The discussion revolves around the integration of the function \( x\sqrt{x^2 - 3} \) from 1 to 2. Participants are exploring the implications of the function being undefined at the lower limit of integration due to the square root of a negative number.
There is an ongoing exploration of the problem, with some participants questioning the original poster's interpretation and others suggesting that the problem may contain a typo or an expectation of a specific approach regarding complex numbers. No consensus has been reached.
Participants note that the function is not defined at \( x=1 \) and discuss the necessity of defining the square root as a complex number.
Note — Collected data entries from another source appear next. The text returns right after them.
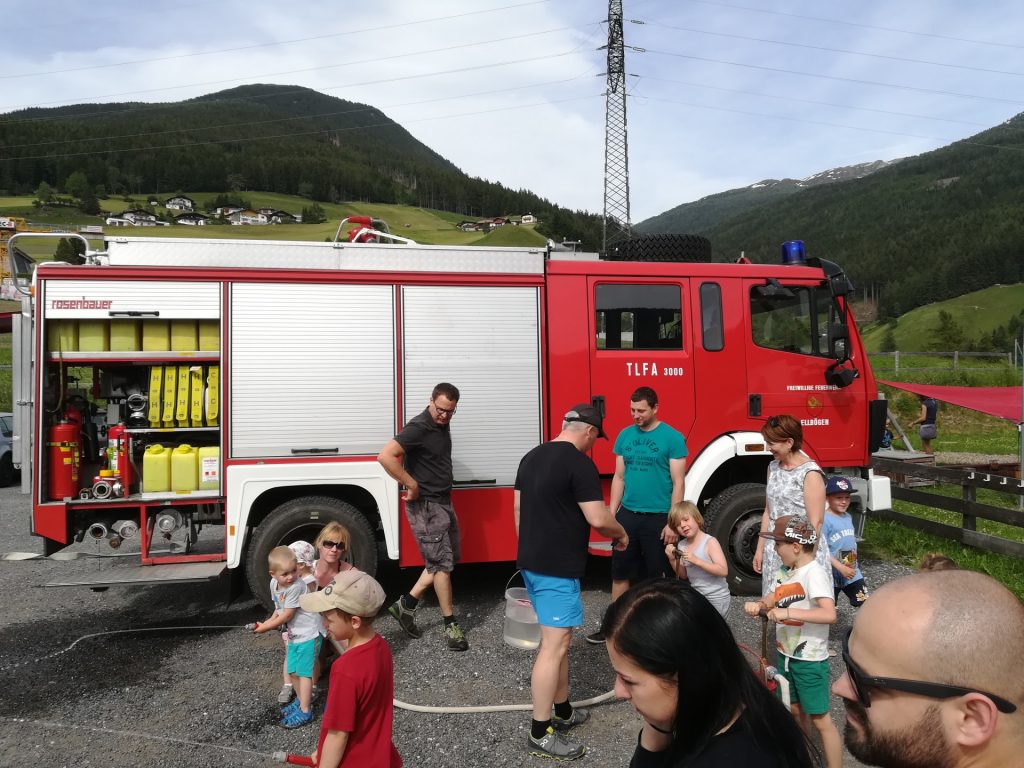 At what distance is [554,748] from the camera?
12.0ft

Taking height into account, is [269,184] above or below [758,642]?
above

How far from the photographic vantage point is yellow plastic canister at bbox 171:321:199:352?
5.57m

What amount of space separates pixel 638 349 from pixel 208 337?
3518 mm

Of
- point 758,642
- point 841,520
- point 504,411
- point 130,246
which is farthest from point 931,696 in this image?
point 130,246

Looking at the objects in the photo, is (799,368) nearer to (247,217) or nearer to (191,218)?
(191,218)

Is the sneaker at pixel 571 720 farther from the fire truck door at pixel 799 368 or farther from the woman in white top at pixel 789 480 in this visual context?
the fire truck door at pixel 799 368

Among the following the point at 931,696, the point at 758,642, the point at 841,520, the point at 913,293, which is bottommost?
the point at 758,642

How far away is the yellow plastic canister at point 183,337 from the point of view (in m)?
5.57

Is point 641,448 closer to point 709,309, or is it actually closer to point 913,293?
point 709,309

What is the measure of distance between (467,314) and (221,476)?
2312 millimetres

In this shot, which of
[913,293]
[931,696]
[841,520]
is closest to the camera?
[931,696]

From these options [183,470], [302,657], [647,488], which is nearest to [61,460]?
[183,470]

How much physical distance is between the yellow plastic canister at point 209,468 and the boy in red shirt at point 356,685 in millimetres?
3229

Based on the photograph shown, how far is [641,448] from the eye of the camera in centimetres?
496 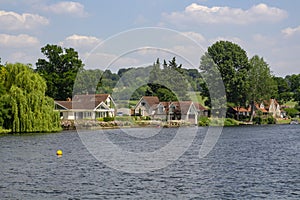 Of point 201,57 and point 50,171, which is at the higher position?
point 201,57

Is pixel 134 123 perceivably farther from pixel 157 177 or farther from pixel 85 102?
pixel 157 177

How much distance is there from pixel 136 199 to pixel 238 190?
473 cm

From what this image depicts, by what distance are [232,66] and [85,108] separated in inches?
1138

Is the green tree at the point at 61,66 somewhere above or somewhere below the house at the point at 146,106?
above

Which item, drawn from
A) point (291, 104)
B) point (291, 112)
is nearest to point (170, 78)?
point (291, 112)

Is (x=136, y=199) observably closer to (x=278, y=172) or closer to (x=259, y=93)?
(x=278, y=172)

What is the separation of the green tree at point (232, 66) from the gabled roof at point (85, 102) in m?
22.3

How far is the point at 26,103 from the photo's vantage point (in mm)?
54656

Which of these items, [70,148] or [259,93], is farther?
[259,93]

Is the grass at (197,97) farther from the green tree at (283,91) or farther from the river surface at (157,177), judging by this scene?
the river surface at (157,177)

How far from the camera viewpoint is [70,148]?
39500mm

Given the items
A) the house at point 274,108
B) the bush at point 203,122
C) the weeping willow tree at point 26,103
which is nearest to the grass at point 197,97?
the bush at point 203,122

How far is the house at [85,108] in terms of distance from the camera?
81.8 meters

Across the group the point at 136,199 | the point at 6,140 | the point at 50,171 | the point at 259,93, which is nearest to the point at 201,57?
the point at 259,93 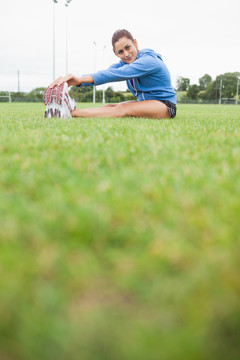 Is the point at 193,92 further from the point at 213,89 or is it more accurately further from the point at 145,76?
the point at 145,76

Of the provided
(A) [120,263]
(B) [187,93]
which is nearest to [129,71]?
(A) [120,263]

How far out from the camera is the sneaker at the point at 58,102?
504 centimetres

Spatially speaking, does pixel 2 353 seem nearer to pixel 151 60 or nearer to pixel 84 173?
pixel 84 173

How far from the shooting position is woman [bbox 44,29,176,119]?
199 inches

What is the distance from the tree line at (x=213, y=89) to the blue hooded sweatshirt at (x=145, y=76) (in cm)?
7766

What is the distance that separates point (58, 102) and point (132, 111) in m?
1.33

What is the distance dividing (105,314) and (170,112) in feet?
18.1

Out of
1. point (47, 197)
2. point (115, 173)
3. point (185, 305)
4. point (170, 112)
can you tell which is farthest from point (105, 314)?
point (170, 112)

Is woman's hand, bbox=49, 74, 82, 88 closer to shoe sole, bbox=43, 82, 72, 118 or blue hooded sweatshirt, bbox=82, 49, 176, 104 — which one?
shoe sole, bbox=43, 82, 72, 118

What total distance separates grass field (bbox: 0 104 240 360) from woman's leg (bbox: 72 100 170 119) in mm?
4059

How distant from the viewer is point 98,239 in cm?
112

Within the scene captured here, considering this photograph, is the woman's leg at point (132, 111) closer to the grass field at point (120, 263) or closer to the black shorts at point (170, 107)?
the black shorts at point (170, 107)

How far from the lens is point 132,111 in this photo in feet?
19.0

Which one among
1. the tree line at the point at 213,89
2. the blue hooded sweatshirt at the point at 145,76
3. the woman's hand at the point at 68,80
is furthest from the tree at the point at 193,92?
the woman's hand at the point at 68,80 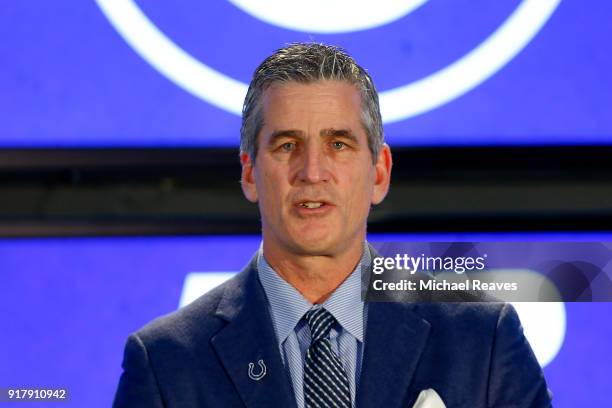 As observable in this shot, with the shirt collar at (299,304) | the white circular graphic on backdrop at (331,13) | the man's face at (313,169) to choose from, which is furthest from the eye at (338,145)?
the white circular graphic on backdrop at (331,13)

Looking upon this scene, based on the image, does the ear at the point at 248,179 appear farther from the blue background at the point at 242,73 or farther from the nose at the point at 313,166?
the blue background at the point at 242,73

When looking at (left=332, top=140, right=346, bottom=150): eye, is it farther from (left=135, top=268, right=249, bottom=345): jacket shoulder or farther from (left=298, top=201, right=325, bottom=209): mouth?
(left=135, top=268, right=249, bottom=345): jacket shoulder

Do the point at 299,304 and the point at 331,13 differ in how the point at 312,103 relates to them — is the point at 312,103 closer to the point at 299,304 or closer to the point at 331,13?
the point at 299,304

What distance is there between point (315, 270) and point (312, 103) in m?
0.31

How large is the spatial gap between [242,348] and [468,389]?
40cm

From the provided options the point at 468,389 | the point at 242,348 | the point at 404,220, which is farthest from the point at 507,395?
the point at 404,220

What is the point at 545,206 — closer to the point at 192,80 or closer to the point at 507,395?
the point at 507,395

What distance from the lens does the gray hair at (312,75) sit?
1.93m

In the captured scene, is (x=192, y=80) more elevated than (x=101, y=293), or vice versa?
(x=192, y=80)

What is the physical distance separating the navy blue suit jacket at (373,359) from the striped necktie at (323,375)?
3 centimetres

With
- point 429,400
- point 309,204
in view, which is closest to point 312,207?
point 309,204

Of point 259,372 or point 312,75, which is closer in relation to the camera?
point 259,372

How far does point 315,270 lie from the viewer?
1.90m

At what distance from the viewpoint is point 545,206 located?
2.40m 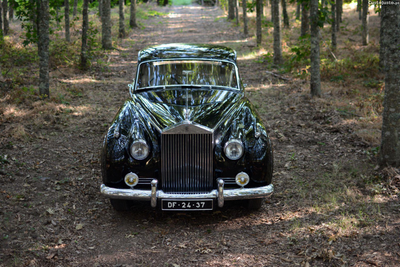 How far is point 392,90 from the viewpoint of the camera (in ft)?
17.8

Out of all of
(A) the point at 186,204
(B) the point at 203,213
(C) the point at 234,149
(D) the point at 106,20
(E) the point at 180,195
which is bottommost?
(B) the point at 203,213

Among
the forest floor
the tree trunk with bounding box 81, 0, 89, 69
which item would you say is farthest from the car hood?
the tree trunk with bounding box 81, 0, 89, 69

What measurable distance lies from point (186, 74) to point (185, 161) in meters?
1.87

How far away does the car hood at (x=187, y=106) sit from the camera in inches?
185

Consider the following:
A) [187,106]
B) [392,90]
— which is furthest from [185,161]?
[392,90]

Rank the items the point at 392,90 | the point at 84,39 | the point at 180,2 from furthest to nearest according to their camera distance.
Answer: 1. the point at 180,2
2. the point at 84,39
3. the point at 392,90

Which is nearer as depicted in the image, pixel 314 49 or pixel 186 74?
pixel 186 74

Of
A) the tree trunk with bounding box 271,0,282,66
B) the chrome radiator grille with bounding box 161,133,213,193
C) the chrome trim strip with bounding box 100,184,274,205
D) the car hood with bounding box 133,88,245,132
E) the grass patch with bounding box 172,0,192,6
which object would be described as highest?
the grass patch with bounding box 172,0,192,6

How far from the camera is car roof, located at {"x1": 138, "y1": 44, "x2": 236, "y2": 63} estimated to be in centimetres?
605

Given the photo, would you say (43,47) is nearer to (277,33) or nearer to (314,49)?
(314,49)

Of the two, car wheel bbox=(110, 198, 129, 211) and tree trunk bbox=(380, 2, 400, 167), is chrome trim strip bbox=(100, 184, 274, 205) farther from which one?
tree trunk bbox=(380, 2, 400, 167)

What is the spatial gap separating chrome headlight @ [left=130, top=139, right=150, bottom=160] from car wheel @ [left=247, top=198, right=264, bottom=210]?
4.92ft

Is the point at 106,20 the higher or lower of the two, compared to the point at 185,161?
higher

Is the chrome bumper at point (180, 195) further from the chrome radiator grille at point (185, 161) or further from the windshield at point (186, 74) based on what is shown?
the windshield at point (186, 74) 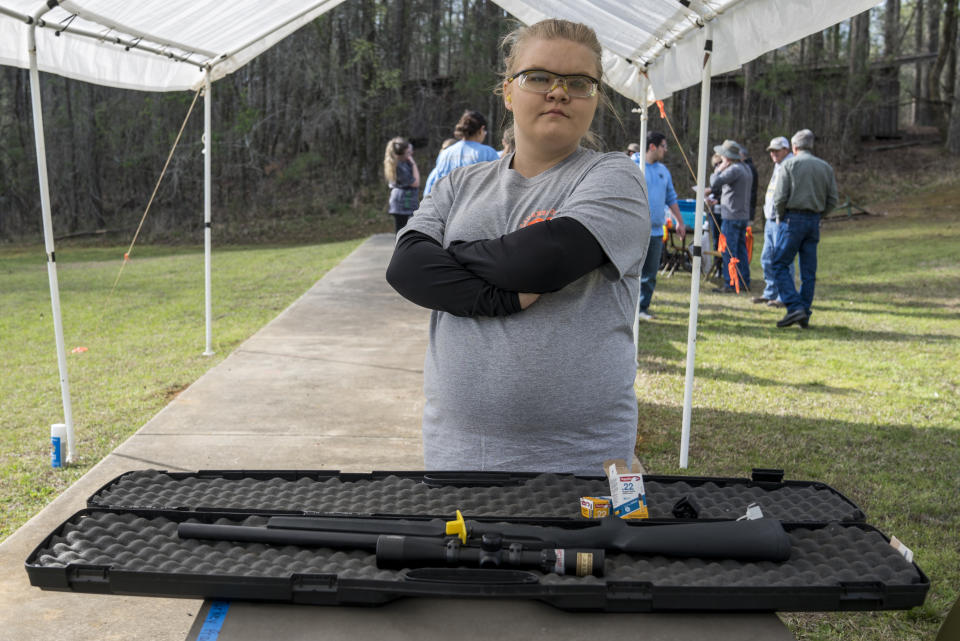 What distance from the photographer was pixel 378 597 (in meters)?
1.57

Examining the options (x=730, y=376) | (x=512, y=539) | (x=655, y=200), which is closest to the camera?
(x=512, y=539)

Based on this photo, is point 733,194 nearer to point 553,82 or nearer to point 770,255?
point 770,255

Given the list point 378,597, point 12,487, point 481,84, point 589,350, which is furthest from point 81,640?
point 481,84

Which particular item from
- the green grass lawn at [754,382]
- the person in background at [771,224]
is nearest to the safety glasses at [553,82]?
the green grass lawn at [754,382]

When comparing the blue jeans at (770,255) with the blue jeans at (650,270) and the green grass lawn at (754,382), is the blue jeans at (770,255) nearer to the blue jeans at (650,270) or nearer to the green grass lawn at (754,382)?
the green grass lawn at (754,382)

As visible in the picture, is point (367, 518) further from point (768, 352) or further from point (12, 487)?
point (768, 352)

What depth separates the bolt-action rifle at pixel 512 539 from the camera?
164 cm

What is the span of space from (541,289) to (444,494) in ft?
1.80

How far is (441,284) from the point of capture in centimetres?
217

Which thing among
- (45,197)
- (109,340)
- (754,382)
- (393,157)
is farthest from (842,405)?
(109,340)

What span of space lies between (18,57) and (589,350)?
3.88 m

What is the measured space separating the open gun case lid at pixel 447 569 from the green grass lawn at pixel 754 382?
5.76 ft

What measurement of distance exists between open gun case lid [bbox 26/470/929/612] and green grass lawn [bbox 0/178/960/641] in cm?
176

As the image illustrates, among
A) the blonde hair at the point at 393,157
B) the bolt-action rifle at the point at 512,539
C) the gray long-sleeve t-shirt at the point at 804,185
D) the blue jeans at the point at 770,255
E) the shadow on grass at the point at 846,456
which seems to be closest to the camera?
the bolt-action rifle at the point at 512,539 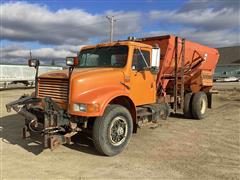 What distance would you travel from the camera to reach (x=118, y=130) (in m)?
6.60

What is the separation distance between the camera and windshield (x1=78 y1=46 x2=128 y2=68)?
7.31m

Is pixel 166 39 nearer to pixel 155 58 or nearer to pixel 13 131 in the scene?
pixel 155 58

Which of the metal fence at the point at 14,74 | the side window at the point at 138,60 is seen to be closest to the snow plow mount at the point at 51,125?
the side window at the point at 138,60

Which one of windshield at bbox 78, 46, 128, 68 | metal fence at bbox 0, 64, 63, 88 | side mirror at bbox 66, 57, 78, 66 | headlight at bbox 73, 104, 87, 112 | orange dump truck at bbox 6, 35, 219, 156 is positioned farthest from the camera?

There is mention of preparing for an exam, which may influence the expectations around the problem.
fourier jr said:I read your problem as $$\int_{1}^{2} x\sqrt{x^{2} - 3}\,dx$$ & used the substitution ##u = x^{2} - 3## then ##\frac{1}{2}du = x\,dx## so it's no improper integral. I'm not sure why you say the function is not defined at x=1.
Dick said:It's not defined because at x=1 because 1-3 is negative and square root of a negative is not defined. You would have to properly define the square root as a complex number to be able to integrate.
Aceix said:So how do I define the square root as a complex number?
Saw it in a book(preparing for an exam).Dick said:If ##x^2-3## is negative then the complex square roots are either ##i \sqrt{3-x^2}## or ##-i \sqrt{3-x^2}##. You have to pick which one you want. This is called 'choosing a branch'. Why are you doing this problem?
Aceix said:Saw it in a book(preparing for an exam).
thanks!Dick said:The problem has two possible answers since you need to make a branch choice. If you aren't really doing complex numbers, then possibly i) they just expect you to say it's not defined or ii) it's a typo.